EXERCISE BRIEF:
How many of the lines below hold the string "Leather"? Say only the number.

• • •

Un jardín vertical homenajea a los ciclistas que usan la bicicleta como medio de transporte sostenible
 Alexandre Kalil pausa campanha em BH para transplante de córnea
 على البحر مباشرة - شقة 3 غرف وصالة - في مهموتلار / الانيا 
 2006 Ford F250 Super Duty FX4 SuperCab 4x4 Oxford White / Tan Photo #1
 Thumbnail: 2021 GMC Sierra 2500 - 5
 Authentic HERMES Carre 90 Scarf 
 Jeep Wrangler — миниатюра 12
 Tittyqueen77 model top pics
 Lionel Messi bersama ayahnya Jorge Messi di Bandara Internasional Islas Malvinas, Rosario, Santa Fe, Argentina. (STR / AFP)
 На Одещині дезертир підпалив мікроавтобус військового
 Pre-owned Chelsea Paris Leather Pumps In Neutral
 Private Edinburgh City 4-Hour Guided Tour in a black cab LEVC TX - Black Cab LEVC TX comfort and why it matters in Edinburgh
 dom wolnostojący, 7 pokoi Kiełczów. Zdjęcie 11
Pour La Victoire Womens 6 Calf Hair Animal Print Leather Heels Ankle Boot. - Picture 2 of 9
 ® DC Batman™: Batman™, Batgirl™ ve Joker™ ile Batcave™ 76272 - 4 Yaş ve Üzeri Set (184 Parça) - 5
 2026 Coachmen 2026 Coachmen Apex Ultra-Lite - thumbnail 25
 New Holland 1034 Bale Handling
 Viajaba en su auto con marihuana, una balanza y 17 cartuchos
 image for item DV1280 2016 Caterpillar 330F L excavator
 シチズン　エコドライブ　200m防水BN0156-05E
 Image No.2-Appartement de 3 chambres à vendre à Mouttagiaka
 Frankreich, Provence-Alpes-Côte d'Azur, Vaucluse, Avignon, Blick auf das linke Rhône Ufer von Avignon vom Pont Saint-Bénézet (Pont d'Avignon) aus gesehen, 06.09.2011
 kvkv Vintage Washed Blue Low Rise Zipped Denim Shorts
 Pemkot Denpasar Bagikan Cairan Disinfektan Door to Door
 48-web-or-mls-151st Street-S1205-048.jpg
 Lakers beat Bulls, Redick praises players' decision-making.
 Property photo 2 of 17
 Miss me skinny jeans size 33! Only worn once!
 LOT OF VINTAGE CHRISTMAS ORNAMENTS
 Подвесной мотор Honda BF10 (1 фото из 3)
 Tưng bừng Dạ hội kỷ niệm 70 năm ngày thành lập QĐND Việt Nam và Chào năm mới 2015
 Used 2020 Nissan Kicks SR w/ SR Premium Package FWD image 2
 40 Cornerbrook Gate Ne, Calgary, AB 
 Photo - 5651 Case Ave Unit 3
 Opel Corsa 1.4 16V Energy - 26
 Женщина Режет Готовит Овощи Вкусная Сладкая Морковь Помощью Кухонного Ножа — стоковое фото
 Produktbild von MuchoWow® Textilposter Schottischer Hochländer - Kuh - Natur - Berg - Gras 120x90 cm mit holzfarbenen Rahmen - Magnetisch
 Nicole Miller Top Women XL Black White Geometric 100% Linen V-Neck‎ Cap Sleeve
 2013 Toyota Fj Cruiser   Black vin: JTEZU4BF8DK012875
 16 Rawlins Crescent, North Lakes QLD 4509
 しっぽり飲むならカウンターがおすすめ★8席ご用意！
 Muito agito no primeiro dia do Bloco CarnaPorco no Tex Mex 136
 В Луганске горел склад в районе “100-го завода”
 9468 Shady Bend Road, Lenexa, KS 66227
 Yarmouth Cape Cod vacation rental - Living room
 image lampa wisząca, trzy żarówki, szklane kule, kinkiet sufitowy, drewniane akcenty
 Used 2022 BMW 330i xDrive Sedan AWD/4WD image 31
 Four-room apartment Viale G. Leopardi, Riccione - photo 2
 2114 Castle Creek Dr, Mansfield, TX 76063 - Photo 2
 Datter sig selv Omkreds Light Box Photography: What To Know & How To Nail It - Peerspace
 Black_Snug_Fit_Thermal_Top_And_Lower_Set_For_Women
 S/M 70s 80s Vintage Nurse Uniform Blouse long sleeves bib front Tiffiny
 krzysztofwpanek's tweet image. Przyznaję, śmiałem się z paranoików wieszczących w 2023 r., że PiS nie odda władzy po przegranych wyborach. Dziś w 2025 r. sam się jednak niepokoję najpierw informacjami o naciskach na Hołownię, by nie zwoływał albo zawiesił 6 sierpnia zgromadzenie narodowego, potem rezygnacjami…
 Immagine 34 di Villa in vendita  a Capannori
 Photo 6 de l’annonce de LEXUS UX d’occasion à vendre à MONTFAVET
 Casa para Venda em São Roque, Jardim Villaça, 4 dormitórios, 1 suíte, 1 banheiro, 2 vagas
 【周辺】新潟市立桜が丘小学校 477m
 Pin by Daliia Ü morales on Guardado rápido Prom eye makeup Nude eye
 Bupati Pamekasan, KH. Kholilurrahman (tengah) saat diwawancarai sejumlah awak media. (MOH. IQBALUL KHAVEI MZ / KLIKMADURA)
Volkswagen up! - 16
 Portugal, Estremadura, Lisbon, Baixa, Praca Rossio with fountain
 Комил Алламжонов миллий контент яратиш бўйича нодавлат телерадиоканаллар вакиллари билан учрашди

• • •

ANSWER SPACE:
2